7. Chloride channel activators can promote intestinal epithelial secretion and increase the number of spontaneous bowel movements in patients. Recommended level: recommended.
Lubiprostone is a bicyclic fatty acid prostaglandin E1 derivative, which can selectively activate the type 2 chloride channel located in the apical membrane of intestinal epithelial cells, promote the secretion of chloride ions from intestinal epithelial cells into the intestinal lumen, and increase the secretion of intestinal juice.
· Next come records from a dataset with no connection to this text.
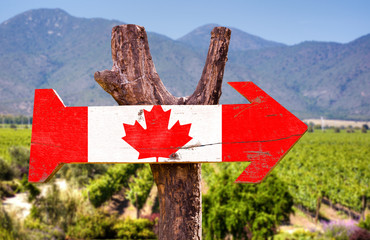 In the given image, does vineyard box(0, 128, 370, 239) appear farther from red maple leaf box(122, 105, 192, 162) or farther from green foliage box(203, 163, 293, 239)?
red maple leaf box(122, 105, 192, 162)

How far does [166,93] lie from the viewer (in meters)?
2.77

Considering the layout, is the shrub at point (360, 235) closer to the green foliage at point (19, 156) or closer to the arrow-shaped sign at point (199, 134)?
the arrow-shaped sign at point (199, 134)

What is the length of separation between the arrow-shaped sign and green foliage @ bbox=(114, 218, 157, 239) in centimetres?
1637

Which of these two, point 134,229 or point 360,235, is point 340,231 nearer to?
point 360,235

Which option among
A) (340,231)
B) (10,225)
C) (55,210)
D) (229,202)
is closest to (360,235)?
(340,231)

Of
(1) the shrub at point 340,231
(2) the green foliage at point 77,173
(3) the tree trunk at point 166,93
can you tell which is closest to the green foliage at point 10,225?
(3) the tree trunk at point 166,93

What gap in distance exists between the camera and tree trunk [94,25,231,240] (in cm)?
255

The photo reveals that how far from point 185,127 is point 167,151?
0.67 ft

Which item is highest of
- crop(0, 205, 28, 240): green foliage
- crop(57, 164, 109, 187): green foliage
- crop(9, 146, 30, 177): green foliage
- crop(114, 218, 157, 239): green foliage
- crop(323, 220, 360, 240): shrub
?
crop(9, 146, 30, 177): green foliage

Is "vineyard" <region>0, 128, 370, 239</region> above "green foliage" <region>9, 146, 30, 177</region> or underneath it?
underneath

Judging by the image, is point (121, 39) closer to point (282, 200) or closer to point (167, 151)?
point (167, 151)

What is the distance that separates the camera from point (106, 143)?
2418mm

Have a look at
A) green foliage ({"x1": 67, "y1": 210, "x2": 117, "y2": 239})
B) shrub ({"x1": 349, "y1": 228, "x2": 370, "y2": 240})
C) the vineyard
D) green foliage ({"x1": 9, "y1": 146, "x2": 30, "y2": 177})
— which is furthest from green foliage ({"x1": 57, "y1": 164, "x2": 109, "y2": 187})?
shrub ({"x1": 349, "y1": 228, "x2": 370, "y2": 240})

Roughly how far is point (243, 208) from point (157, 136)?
13.0m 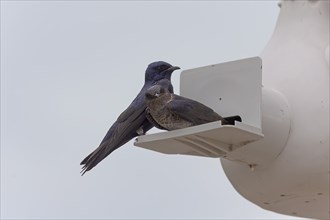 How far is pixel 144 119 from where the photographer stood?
555cm

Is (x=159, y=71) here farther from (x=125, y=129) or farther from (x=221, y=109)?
(x=221, y=109)

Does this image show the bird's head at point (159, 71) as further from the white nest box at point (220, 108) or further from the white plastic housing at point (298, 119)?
the white nest box at point (220, 108)

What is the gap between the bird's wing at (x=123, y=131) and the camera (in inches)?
217

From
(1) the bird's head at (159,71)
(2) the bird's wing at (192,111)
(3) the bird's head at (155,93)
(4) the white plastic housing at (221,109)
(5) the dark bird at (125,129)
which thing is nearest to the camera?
(4) the white plastic housing at (221,109)

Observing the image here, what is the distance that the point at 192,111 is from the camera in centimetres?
446

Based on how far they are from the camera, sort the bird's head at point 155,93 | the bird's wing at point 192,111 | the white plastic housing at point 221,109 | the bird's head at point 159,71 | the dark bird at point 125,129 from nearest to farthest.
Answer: the white plastic housing at point 221,109 < the bird's wing at point 192,111 < the bird's head at point 155,93 < the dark bird at point 125,129 < the bird's head at point 159,71

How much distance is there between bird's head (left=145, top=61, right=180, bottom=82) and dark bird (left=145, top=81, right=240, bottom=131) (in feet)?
3.73

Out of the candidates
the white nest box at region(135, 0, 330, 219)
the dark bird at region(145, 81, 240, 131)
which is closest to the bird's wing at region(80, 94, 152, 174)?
the white nest box at region(135, 0, 330, 219)

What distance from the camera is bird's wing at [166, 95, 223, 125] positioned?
445 centimetres

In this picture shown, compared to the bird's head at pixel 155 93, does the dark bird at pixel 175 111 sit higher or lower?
lower

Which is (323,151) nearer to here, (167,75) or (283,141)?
(283,141)

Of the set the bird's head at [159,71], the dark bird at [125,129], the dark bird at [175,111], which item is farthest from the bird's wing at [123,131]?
the dark bird at [175,111]

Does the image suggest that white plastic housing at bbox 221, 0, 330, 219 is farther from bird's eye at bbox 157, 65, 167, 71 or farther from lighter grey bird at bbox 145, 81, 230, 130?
bird's eye at bbox 157, 65, 167, 71

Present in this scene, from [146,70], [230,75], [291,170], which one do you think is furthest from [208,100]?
[146,70] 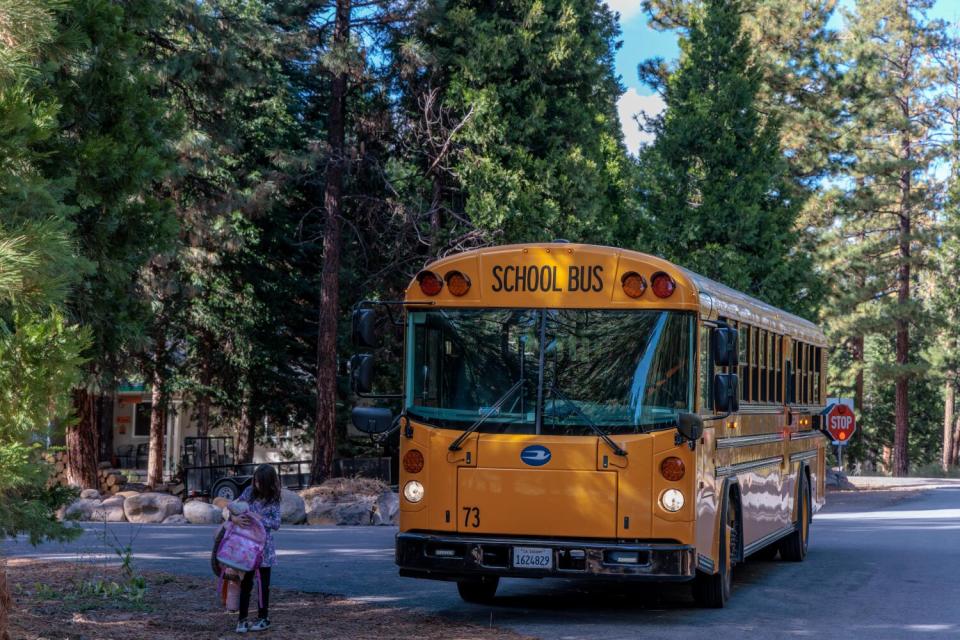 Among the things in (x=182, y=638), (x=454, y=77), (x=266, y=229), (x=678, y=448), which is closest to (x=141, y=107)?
(x=182, y=638)

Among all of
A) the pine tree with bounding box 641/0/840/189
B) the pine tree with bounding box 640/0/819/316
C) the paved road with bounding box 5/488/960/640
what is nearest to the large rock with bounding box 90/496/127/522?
the paved road with bounding box 5/488/960/640

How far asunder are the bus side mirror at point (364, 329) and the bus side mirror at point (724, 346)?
8.96 feet

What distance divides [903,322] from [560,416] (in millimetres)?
42960

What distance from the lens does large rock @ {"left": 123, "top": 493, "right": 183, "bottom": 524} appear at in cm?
2192

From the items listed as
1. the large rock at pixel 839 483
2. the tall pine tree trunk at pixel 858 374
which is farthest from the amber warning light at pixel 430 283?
the tall pine tree trunk at pixel 858 374

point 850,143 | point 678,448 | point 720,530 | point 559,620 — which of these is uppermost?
point 850,143

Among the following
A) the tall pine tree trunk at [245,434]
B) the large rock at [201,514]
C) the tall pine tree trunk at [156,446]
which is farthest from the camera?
the tall pine tree trunk at [156,446]

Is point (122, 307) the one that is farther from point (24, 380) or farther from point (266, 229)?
point (266, 229)

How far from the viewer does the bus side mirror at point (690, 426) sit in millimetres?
10055

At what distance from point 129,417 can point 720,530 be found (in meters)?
41.7

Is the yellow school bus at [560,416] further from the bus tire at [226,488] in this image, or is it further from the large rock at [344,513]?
the bus tire at [226,488]

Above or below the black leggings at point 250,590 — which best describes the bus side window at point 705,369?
above

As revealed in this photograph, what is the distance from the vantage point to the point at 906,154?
5206 centimetres

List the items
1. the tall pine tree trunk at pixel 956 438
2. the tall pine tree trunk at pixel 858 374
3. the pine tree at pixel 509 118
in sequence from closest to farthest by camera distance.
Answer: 1. the pine tree at pixel 509 118
2. the tall pine tree trunk at pixel 858 374
3. the tall pine tree trunk at pixel 956 438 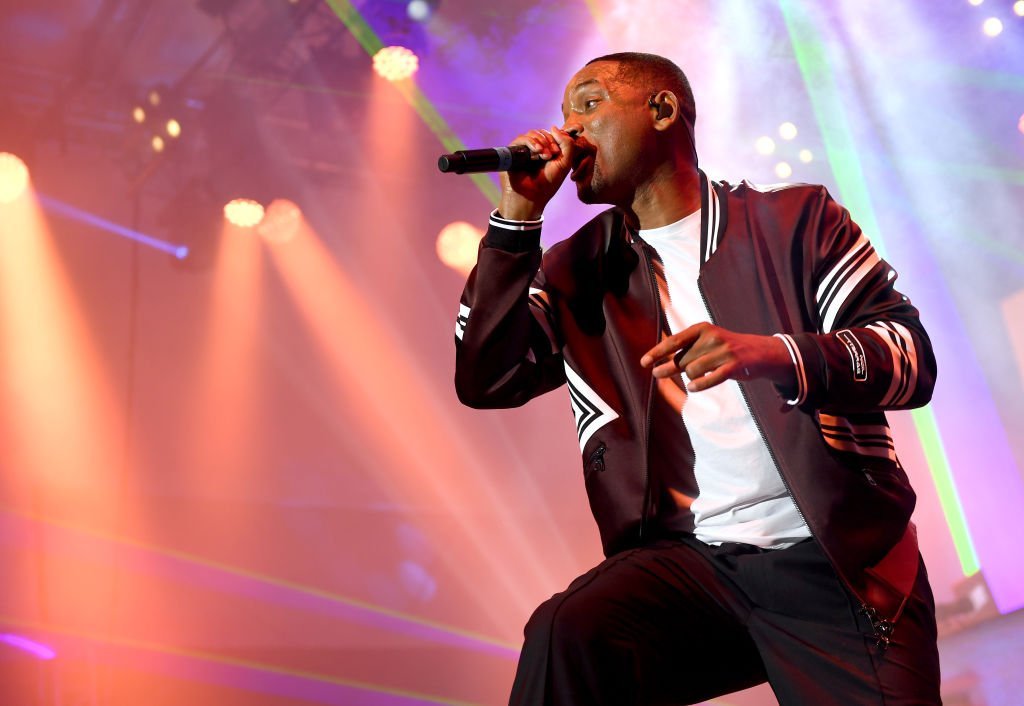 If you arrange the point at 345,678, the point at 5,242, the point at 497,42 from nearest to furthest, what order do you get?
the point at 345,678, the point at 5,242, the point at 497,42

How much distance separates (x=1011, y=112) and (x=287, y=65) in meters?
3.83

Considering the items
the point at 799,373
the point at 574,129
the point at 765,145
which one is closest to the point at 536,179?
the point at 574,129

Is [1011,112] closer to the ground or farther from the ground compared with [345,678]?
farther from the ground

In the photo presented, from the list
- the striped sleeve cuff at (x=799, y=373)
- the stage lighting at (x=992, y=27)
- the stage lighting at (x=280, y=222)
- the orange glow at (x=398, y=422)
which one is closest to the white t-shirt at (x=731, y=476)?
the striped sleeve cuff at (x=799, y=373)

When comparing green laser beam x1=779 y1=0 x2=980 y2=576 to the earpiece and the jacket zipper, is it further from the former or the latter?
the jacket zipper

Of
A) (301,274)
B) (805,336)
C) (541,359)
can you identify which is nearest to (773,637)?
(805,336)

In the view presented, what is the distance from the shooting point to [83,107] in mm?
4418

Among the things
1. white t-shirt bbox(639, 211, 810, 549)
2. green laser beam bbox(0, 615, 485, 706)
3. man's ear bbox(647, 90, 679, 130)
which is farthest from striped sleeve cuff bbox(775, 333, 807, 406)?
green laser beam bbox(0, 615, 485, 706)

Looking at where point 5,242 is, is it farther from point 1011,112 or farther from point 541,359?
point 1011,112

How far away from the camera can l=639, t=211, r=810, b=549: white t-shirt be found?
1.55 meters

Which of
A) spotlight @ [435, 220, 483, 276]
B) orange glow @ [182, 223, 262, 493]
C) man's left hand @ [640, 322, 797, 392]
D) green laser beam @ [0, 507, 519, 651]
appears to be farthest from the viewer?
spotlight @ [435, 220, 483, 276]

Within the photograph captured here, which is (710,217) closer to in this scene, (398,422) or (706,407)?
(706,407)

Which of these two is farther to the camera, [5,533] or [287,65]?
[287,65]

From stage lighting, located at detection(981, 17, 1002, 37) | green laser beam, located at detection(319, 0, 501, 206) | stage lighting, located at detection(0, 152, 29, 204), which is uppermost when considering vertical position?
green laser beam, located at detection(319, 0, 501, 206) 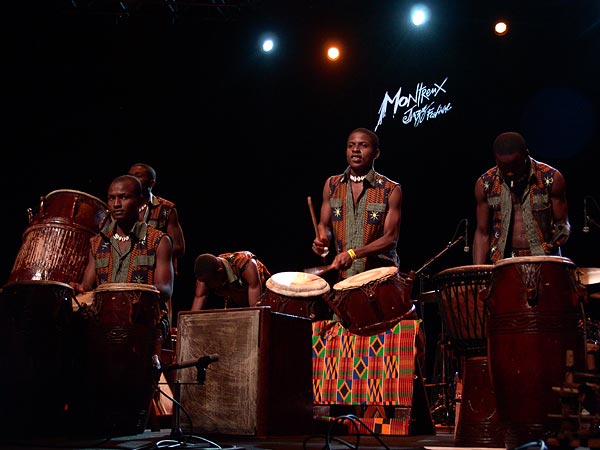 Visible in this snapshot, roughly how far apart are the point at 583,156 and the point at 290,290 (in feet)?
14.0

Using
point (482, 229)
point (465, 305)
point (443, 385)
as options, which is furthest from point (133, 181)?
point (443, 385)

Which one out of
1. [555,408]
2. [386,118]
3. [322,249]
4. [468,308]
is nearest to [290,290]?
[322,249]

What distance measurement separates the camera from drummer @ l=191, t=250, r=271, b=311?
6.51 meters

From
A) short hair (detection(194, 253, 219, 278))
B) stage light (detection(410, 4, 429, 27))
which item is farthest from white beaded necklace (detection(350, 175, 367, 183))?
stage light (detection(410, 4, 429, 27))

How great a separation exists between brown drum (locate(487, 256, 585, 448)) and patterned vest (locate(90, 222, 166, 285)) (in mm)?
2634

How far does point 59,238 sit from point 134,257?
1080mm

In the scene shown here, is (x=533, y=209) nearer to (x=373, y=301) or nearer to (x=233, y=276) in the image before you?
(x=373, y=301)

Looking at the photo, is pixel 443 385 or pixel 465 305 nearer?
pixel 465 305

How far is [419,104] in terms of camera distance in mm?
9258

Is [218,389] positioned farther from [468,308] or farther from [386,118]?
[386,118]

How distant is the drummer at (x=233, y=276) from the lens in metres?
6.51

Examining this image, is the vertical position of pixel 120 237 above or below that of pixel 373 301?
above

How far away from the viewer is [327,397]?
516cm

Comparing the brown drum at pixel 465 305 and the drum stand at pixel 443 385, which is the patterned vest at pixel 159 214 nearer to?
the drum stand at pixel 443 385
Loosen the stool, thereby speeding up the frequency of defecation, changing the characteristics of the stool, reducing the strain of defecation, and alleviating the overall symptoms of defecation [124]. A number of foreign studies have confirmed that lubiprostone can significantly increase the number of spontaneous bowel movements in patients with chronic constipation, and has a dose-response effect on chronic constipation (the dosage is 24 to 72 μg/d); compared with the placebo group, oral Lubiprostone Ketone 24 μg/d, the frequency of spontaneous bowel movements after 1 week was 5.69 times/week, which was significantly higher than 3.46 times/week in the placebo group (P=0.000 1) [125,126,127]. An open study showed that 127 patients with CIC had extended medication for 48 weeks, with good tolerance and continuous improvement in intestinal symptoms [128]. Another study showed that taking lubiprostone had more CSBM times in the first week than placebo; within 24 hours of the initial dose, lubiprostone had a higher CSBM frequency than placebo [129 ]. Animal and human tissue studies have shown that lubiprostone can reverse the inhibition of morphine on mucosal secretion and can effectively treat constipation caused by morphine [130,131,132,133]. In addition, the overall curative effect of oral lubiprostone 8 μg/time and 2 times/d in IBS-C patients is better than placebo, which can significantly accelerate the frequency of spontaneous bowel movements and improve abdominal pain symptoms in IBS-C patients, and the curative effect can last 9-13 Months, and the safety and tolerance are good [134]. In 2006, the US FDA approved the listing of lubiprostone. It is recommended for the treatment of CIC at a dose of 24 μg/time, 2 times/d. Subsequently, in 2008, the US FDA approved it for use in female IBS-C patients over 18 years old, with a dose of 8 μg/time, 2 times/d. In terms of adverse drug reactions, lubiprostone is mainly manifested as nausea, diarrhea, abdominal distension, abdominal pain and headache.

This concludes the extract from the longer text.